Exemplifying his aesthetic is the entrancing work Where Is My Spirit, No. 5, one of a series of autumn landscapes completed in 2005. In the right half of the composition a single red tree pulses with color against a swath of shimmering, golden trees, their ethereal presence anchored by the dark band of color, created from a single sweep of the brush, that commands the foreground. The lyrical image is suggestive rather than descriptive; we can imagine such a scene in our mind’s eye as a place to restore and nurture one’s spirit.
Lewis says, “I begin by repeatedly visiting specific landscape sites. Later, in the isolation and comfort of the studio, I work from memory and invention rather than from studies or photographs. There is no pre-planning…the images arise like dreams.” Working in this intuitive and improvisational manner allows Lewis to embrace the changes that naturally result from the turpentine-wash technique he favors. And, in this way, the resulting landscapes embody the transient aspects of the natural world that are his favored motifs.
The tamarack tree is one of the only conifers to lose its leaves in the fall, and it does so gracefully, turning a rich autumnal yellow late in the season after its deciduous neighbors have gone bare. On one of his frequent hikes near his home in Sangerville, painter Alan Bray stumbled upon an island of glowing tamarack amid a sea of colorless deciduous, a scene that became the subject of a new painting.
Working in the demanding medium of casein on panel, Bray creates mystical images inspired by the phenomena of nature found in familiar places. The New Yorker has called his landscapes “cool, elegant, and blessedly devoid of prettiness…suggesting something of the poise and repose of Giotto or Mantegna.” The reference to artists of the Italian renaissance is apt, since Bray lived and studied art in Florence, Italy, in the early 1970s and earned a master’s degree in painting from the Villa Schifanoia. “In Italy,” he says, “I saw art that I loved unabashedly and unreservedly. Art that was free of irony and cynicism, was deeply felt, spiritual, and above all honest.”
It was also in Italy that Bray found his true subject: the landscape of his childhood home, which he began painting from memory. On his return to central Maine in 1975, he continued to paint scenes found nearby, discovering them to be a far richer resource for his art than he had ever imagined. “I paint what is right around me,” Bray says. “Occasionally it’s a big subject, but more often it’s a bird’s nest or a farm pond.”
Highly attuned to the rhythms and structures of nature, Alan Bray’s mesmerizing paintings, such as Tamarack, display his poetic sensibility, keen intellect, and master craftsmanship. It is not surprising that he has earned a national reputation and inclusion in important collections throughout the United States
One fall morning in 1999, artist Dennis Pinette woke up with an irresistible urge to paint outdoors. The urge led him not only to the top of Moody Mountain in Searsmont, but to an ongoing obsession with plein air painting. Nearly ten years later, Moody Mountain is still one of his favorite locations for the variety of its scenery and its accessibility, for Pinette doesn’t travel light. He brings, he says, “the whole nine yards,” setting up a portable studio on the tailgate of his pick-up truck or, in colder weather, working on the dashboard inside the cab.

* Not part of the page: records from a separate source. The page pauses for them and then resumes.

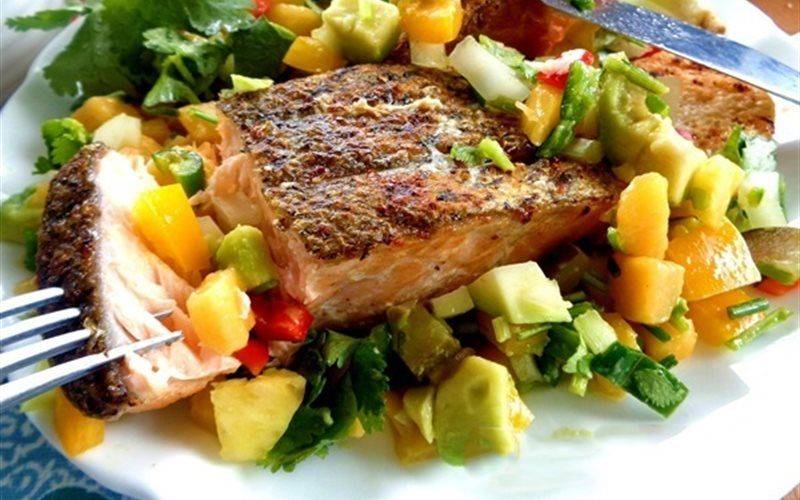 Salad cá hồi chiên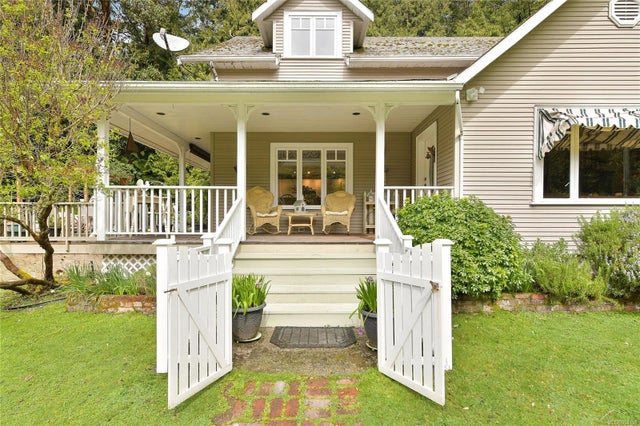 1 of 68 - 517 Sandy Hook Rd, Mayne Island, BC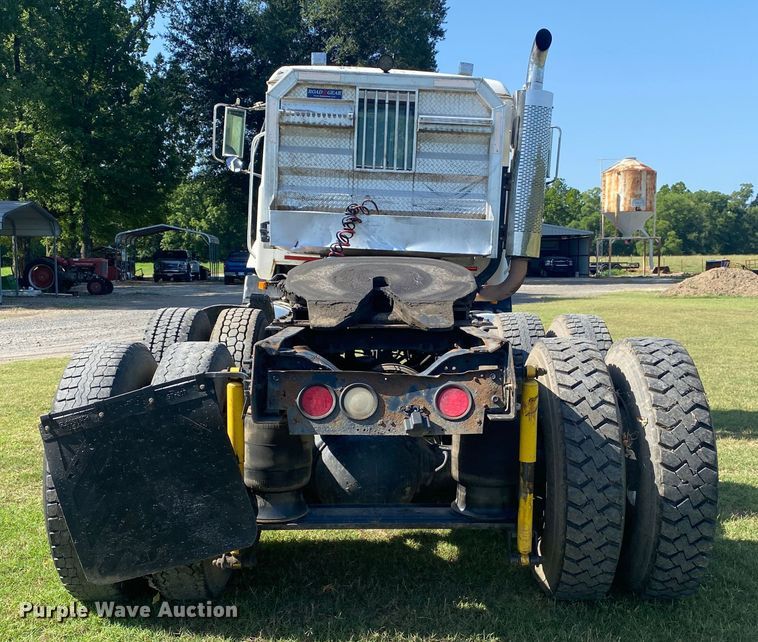 image for item DK6253 1998 Mack CH613  semi truck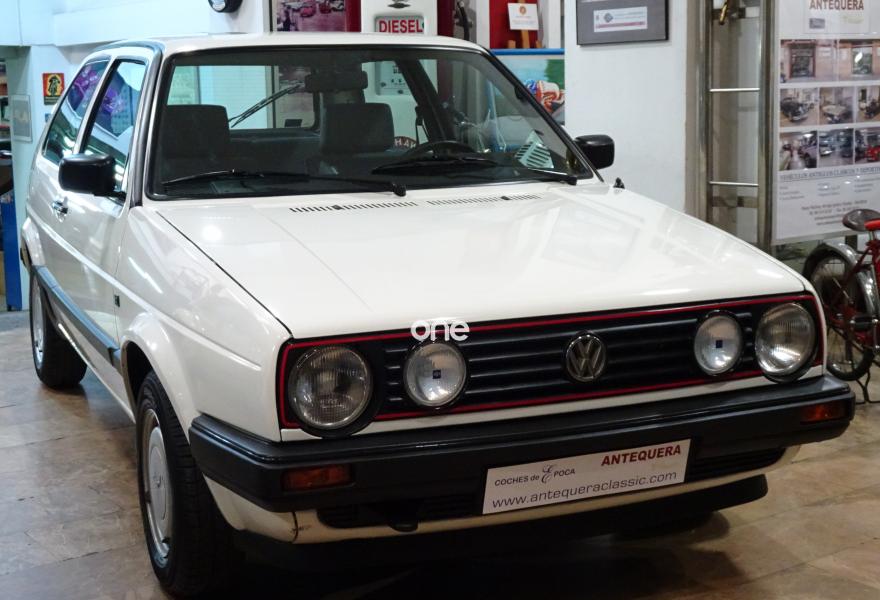 VOLKSWAGEN Golf 1990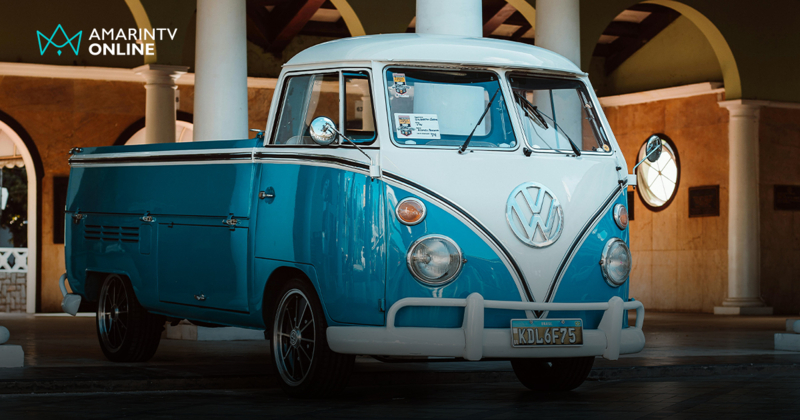 โลกยิ่งล้ำหน้า ทำไมคนรุ่นใหม่กลับโหยหา "เสน่ห์รถยุคเก่า"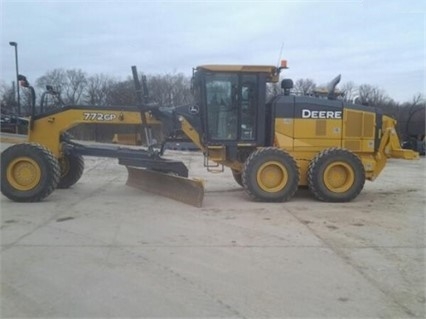 Motoconformadoras Deere 772GP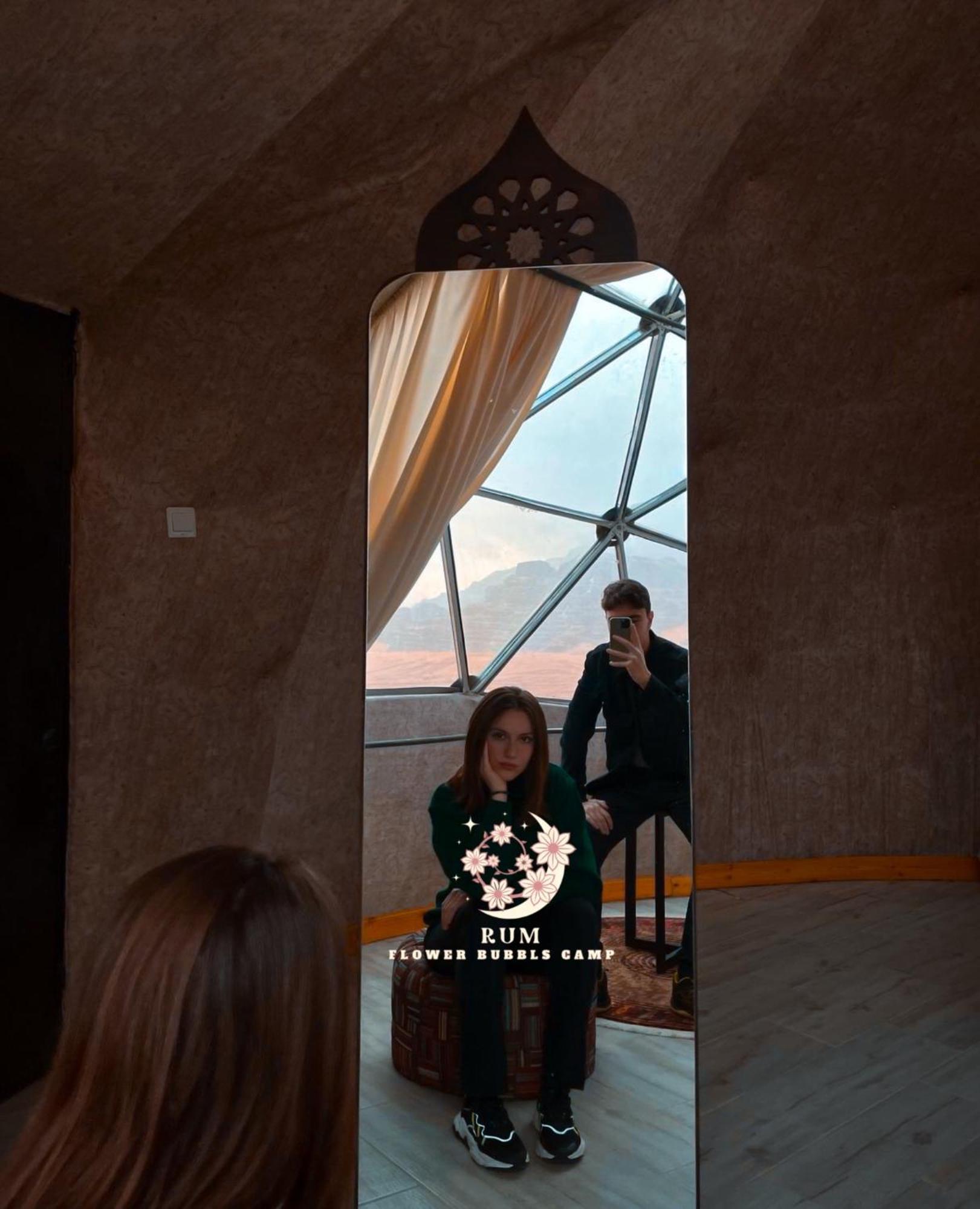 Rum Flower Bubbles Luxury Camp Wadi Rum Exteriér fotografie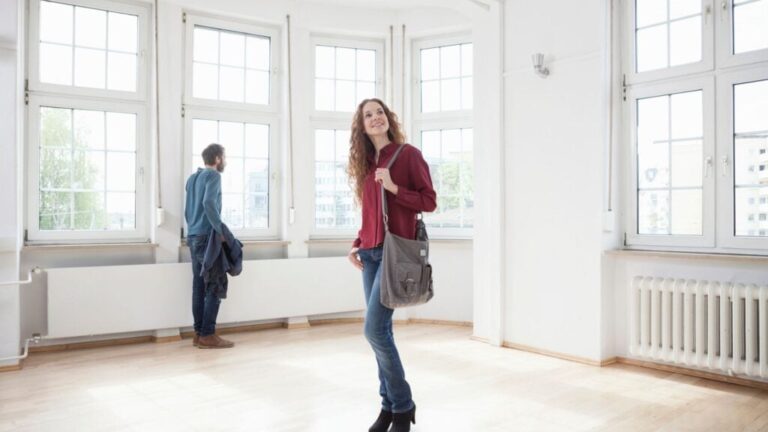 Homebuyer interest surges on slight pullback in mortgage rates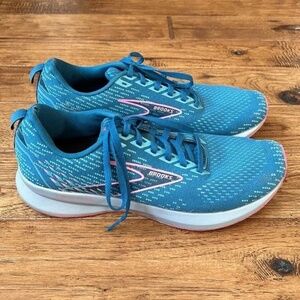 Brooks Levitate 5 Running Shoes Blue Porcelain Pink Womens Size 9.5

Because of the changes it brings to the landscape, autumn is Pinette’s favorite season to paint in the Maine woods. Beginning in late September when the first hints of fall color appear and continuing through late November when the snow and cold finally drive him indoors, Pinette sets out to paint. He rarely has a particular scene in mind—rather he meanders until inspiration strikes. He likens it to a form of hunting. “You’re going after something, you don’t quite know what—that’s your quarry and you have a certain amount of time to get it.”

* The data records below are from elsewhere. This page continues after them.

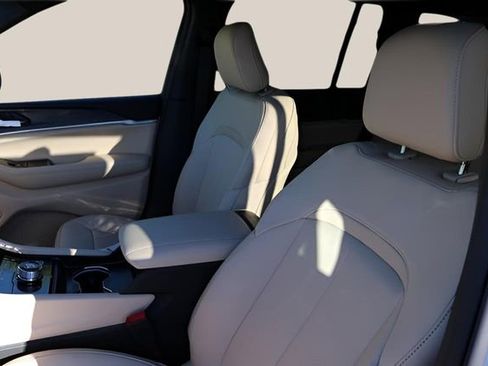 New 2025 Jeep Grand Cherokee Limited image 11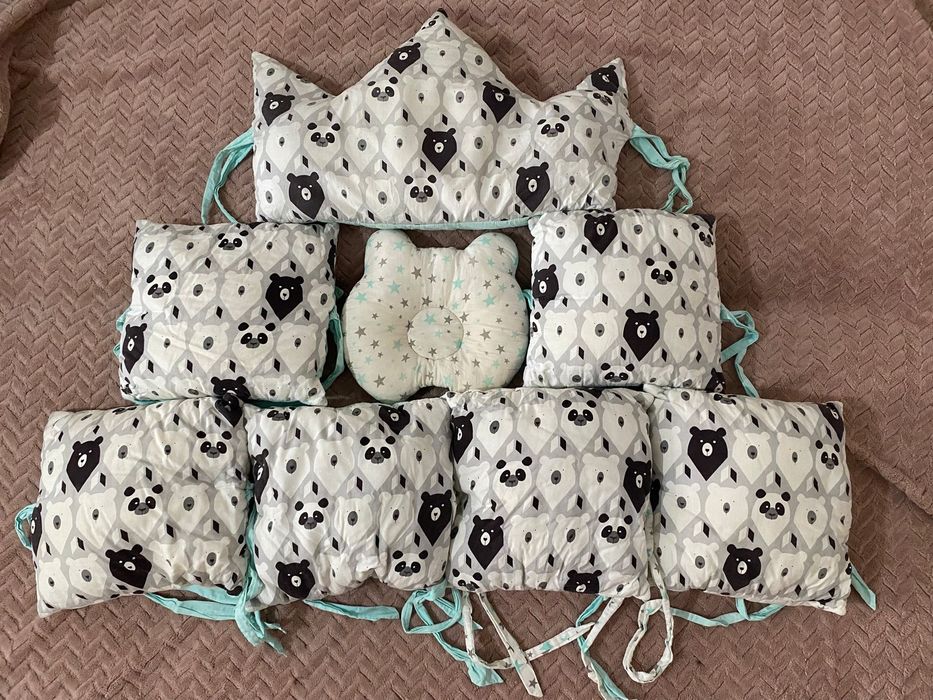 Бортики +подушка для головы.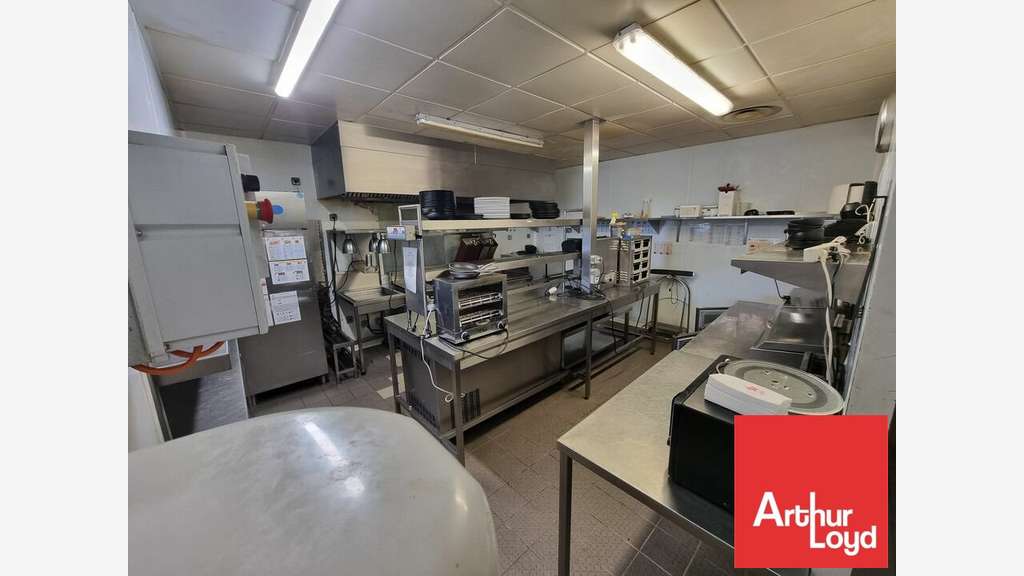 LOCAL COMMERCIAL ZONE MENDES FRANCE - 320 M2
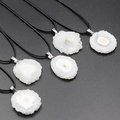 Natuurlijke zonnebloem agaat kristalschijfjes met radiale patronen voor DIY hangers - Kristalcluster Plak (JC895玛瑙水晶切片)
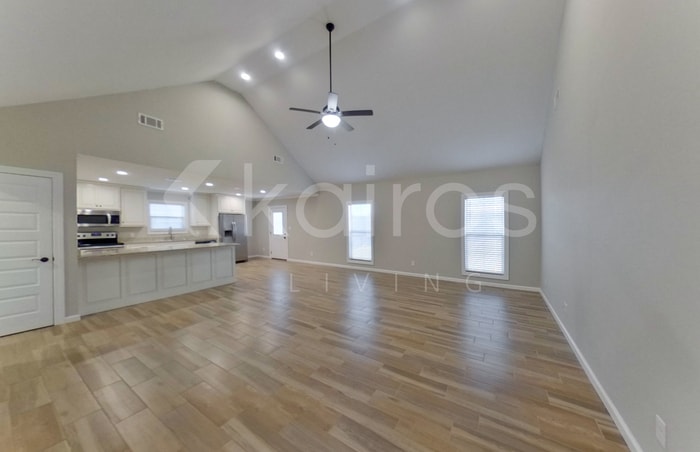 Building Photo - 102 White Water Ln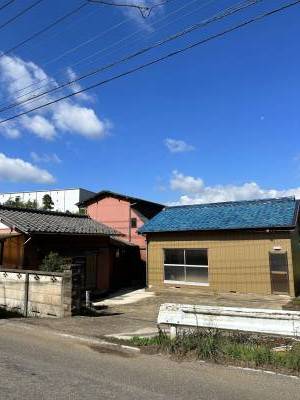同一敷地内に2軒の家が！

What he has gotten time and again are dynamic, vital, daringly painted landscapes that succeed in contributing something new to a much-painted subject. An example is October Woods, one of a series of works depicting densely tangled trees. Seen up close, their structure dissolves in a riot of brushwork. The allover quality of marks link them to abstract expressionism, while their brooding, poetic sensibility suggests ties to earlier painters, such as the late-19th-century romanticist George Inness. Confronting the challenge of plein air painting straight on, Pinette has found in the Maine woods an adversary worthy of his prodigious talent.